Mississippi Damned is a 2009 American drama film directed by Tina Mabry and starring Tessa Thompson, D. B. Woodside, Malcolm Goodwin, Malcolm David Kelley and Michael Hyatt.  The film was written and directed by Tina Mabry, based on her life growing up in Tupelo, Mississippi. It was filmed in and around Ahoskie, North Carolina.

Plot
Taking place in 1986 and 1998 and based on a true story, three poor black kids in rural Mississippi reap the consequences of their family's cycle of abuse, addiction, and violence. They independently struggle to escape their circumstances and must decide whether to confront what's plagued their family for generations or succumb to the same crippling fate, forever damned in Mississippi. Writer/director Tina Mabry captures growing up in a world where possibilities and opportunities seem to die in the face of the suffocating reality of physical and sexual abuse, obsession, and a myriad of destructive compulsions.

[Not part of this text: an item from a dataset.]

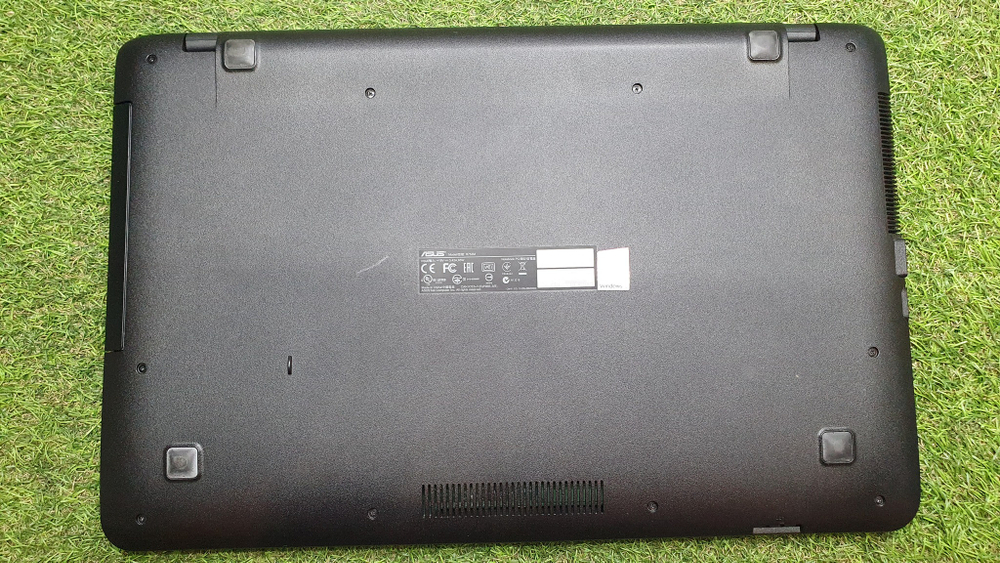 Ноутбук ASUS Pentium/8Gb/820M 1Gb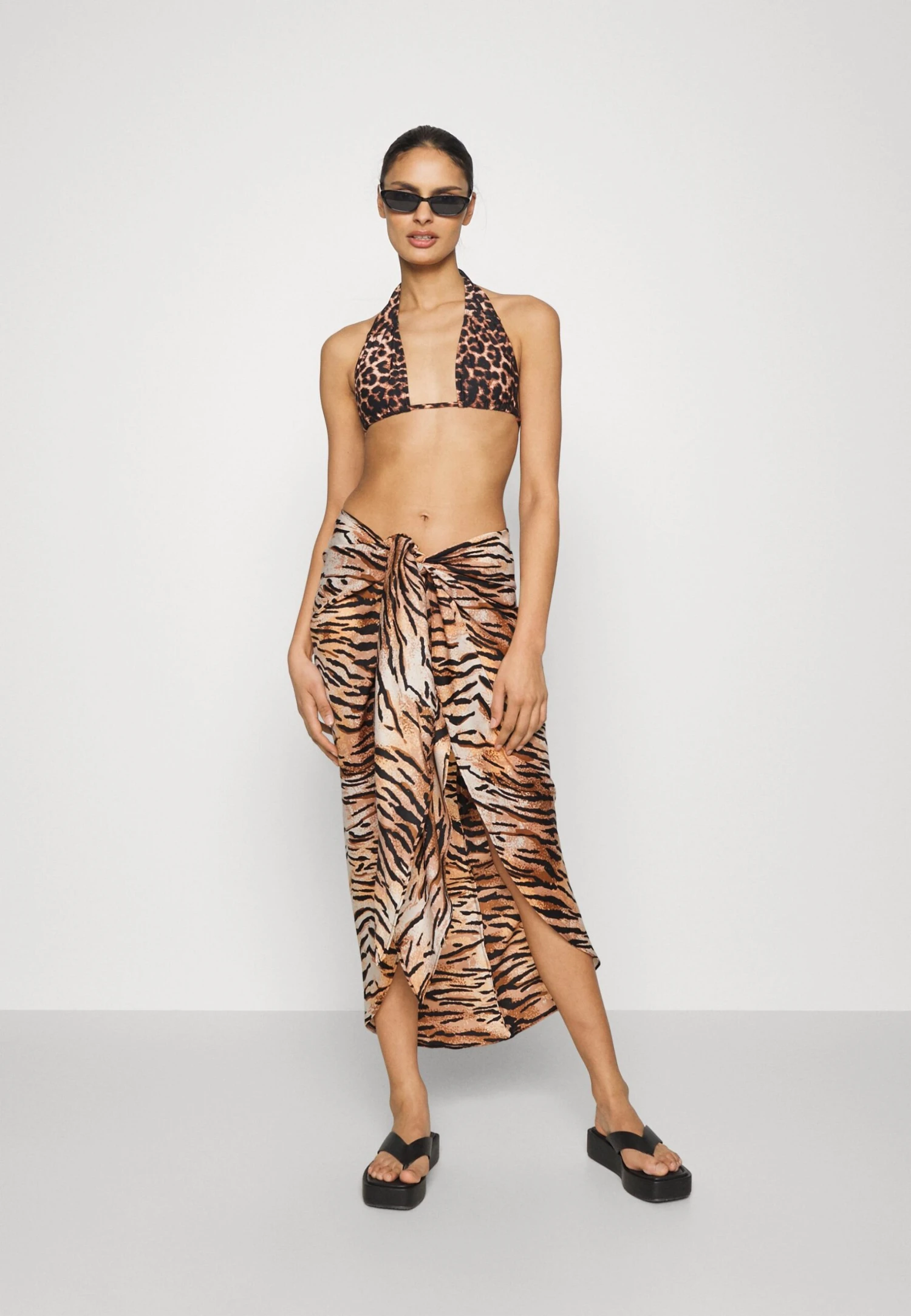 Anna Field Geo Print Sarong / 917 - Multi-Coloured - Wrap Skirt - Multi-Coloured 2 Anna Field Geo Print Sarong / 917 - Multi-Coloured - Wrap Skirt - Multi-Coloured - Image 2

In 1986, teenage cousins Leigh and Sammy, and Leigh's younger sister Kari, watch as their mothers and aunts struggle to maintain a roof over their heads. Leigh, a closeted lesbian, is devastated when her girlfriend announces she is marrying a man. Leigh attacks him and is arrested and kicked out of her parents' house. Sammy, a talented basketball player, is sexually abused by an older man. He accepts pay for sexual acts in order to get the money he needs to support his burgeoning basketball career. After Sammy's mother stabs her boyfriend's lover and is arrested, Sammy is taken in by his aunt. He rapes his younger cousin Kari, Leigh's sister.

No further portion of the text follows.